* [What this task involves]: Starting from the line with "single story home" and going up to and including the line with "IMETEC Electric Telescopic", copy the listing below exactly. Leave all images out.

* [Data for the task]:
****************
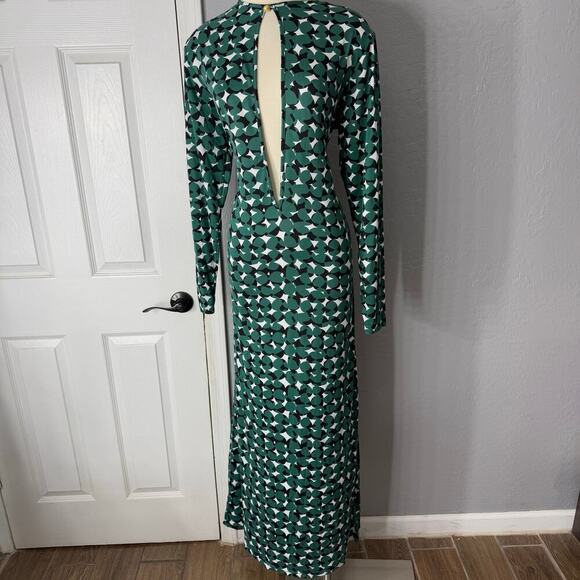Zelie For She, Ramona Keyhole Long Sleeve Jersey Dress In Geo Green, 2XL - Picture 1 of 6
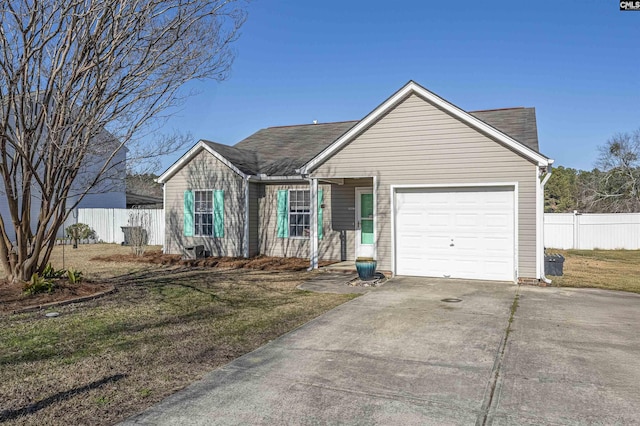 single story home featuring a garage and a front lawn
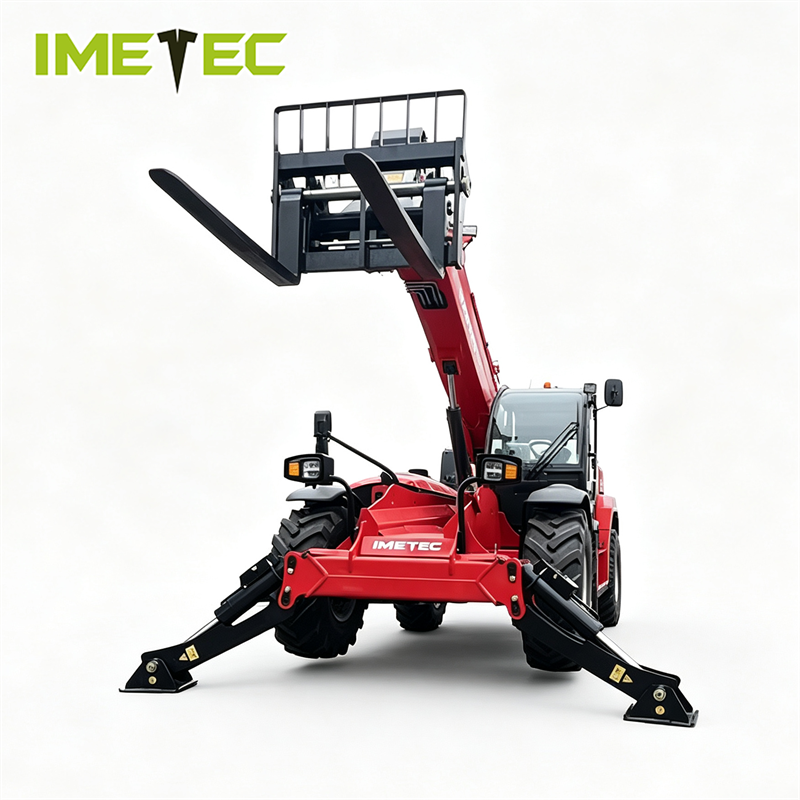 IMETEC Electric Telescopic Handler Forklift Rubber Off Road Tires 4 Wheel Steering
****************
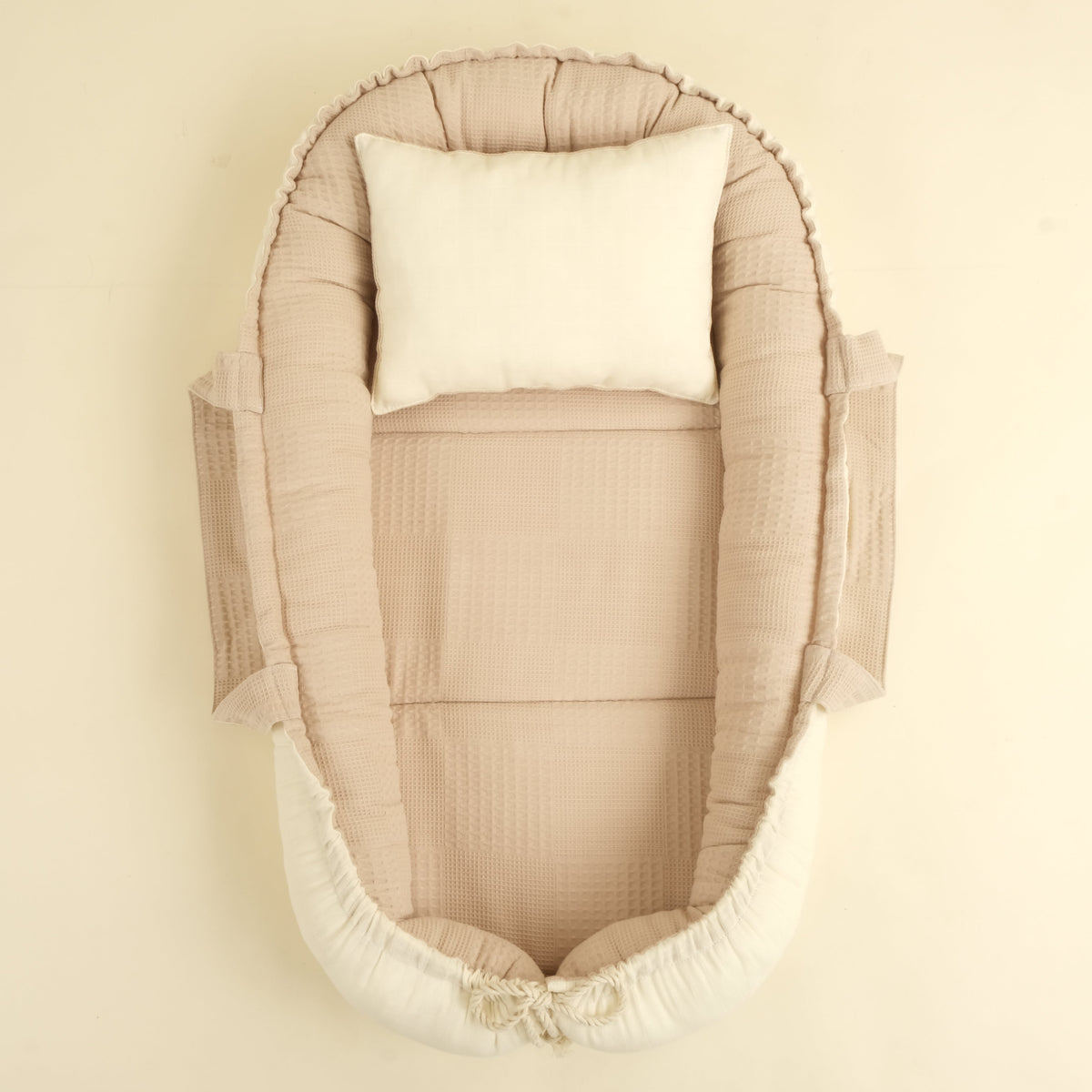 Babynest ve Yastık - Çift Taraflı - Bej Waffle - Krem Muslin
****************
* [Exercise output]:
 single story home featuring a garage and a front lawn
 IMETEC Electric Telescopic Handler Forklift Rubber Off Road Tires 4 Wheel Steering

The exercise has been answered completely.